A near doubling of the number of genomic regions associated with breast, ovarian, and prostate cancer is reported in five papers published in Nature Genetics and two papers published in Nature Communications. As part of the Collaborative Oncological Gene-environment Study (COGS), this represents a milestone in our understanding of the genetic basis of these three hormone-related cancers, which are diagnosed each year in over 2.5 million people worldwide, with about a one-third mortality rate.
In the three primary papers at Nature Genetics, Douglas Easton, Rosalind Eeles, and Paul Pharoah and their respective colleagues report on genomic regions newly associated with these cancers. Together with six other coordinated papers in another three journals, the COGS authors collectively identified 74 new susceptibility loci. Easton, Eeles, Pharoah and colleagues each start with large-scale genome-wide association studies, followed by replication in additional large cohorts using a custom genotyping array that included promising genetic variants selected from each cancer-specific study. This cross study approach also allowed for the identification of shared susceptibility regions, which suggest a shared genetic basis and mechanism between these three cancers.

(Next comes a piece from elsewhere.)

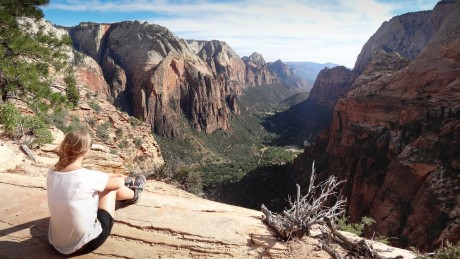 Angels Landing w Zion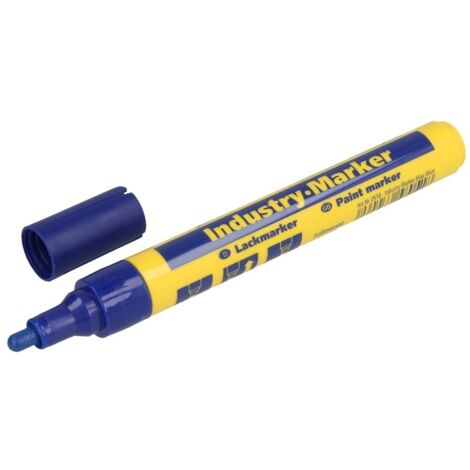 Marqueur peinture 4 mm bleu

Montserrat Garcia-Closas and colleagues report four genomic regions associated with a common hormone-related subtype of breast cancer that represents 20-30% of all diagnoses. Stig Bojesen and colleagues report a detailed genetic and functional characterization of variants at one genomic region associated with the length of telomeres, found at the end of chromosomes, as well as susceptibility to multiple cancers. In one of two commentaries appearing in Nature Genetics, Hilary Burton and colleagues provide perspectives on public health implications and the potential for risk prediction based on these new genetic findings.
Lastly, in Nature Communications Celeste Leigh Pearce and colleagues report that genetic variants in a specific transcription factor are associated with risk of developing two subtypes of ovarian cancer; in a second paper, Jennifer Permuth-Wey and colleagues report a new susceptibility locus for epithelial ovarian cancer.